Городскова готовила укол. Бодрый Звонкин уже сидел на лежаке, как всегда посмеиваясь, говорил. Рыжий хохолок его был стильным, – петушковым. Этот доживает свою жизнь весело. Не то что Дмитриев. Стариковская желчь и уныние – это не для Звонкина. Он только что сошёл с бильборда на улице. Где он, румяный гипертоник, показывал всем депозит, полученный в «Альянс банке».
– Ложитесь, Андрей Иванович (хватит болтать!).
Тут же кувыркнулся на бок. Задрал рубашку. Этот и умрёт на бегу, мазала спиртом Екатерина. Интересно свести их вместе. Дмитриева и Звонкина. Желчь и пламя. Что бы получилось?
Едва придавила ватку – вскочил. Подхватил брючонки, побежал.
– Машка – на выход! – подмигивал возле раскрытой двери Екатерине.
Вошла его рыхлая «Машка». Зло глянула на мужа – балабол чёртов!
Серьёзно относящаяся к своей болезни, двинулась к лежаку, опираясь на палку.
– Ну, Машка – молоток! – прямо-таки заходился Звонкин.
– Да уйдёшь ты отсюда или нет?.. Вы уж извините его, – откладывала костыль, устраивалась на лежаке, чтобы раздеться, «Машка».
Улыбаясь, Екатерина Ивановна сломала ампулу, стала набирать в шприц.

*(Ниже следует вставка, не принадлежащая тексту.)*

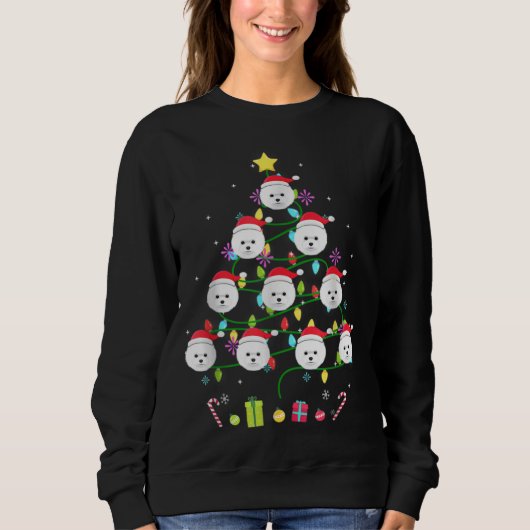 Bichon Friseおもしろい Christmas Tree Color Led Light スウェットシャツ (正面)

Ближе к концу работы собрали всех в большом кабинете Вебер Ольги Герхардовны. Главврача.
Терапевты и Толоконников с достоинством расселись вдоль длинного стола. Все они были с висящими рабочими червями фонендоскопов. Медсёстры и санитарки фонендоскопов не имели. Стояли вроде бездельниц, стеснительно заминая руки.
Крупная женщина в белом халате не торопясь перебирала на столе бумаги. Профессионально держала сценическую паузу. На ней не было фонендоскопа. Однако по напряжённым её глазам было видно всем, что под толстым лбом с зачесанной назад мужской стрижкой идёт сейчас большая умственная работа.
– Все собрались? Хорошо. Из департамента сегодня спустили вот эту бумагу: 1-го мая быть всем на демонстрации. Сбор в девять у нашего входа. Раздадут всем шары, ветки, плакаты и так далее. Всем понятно?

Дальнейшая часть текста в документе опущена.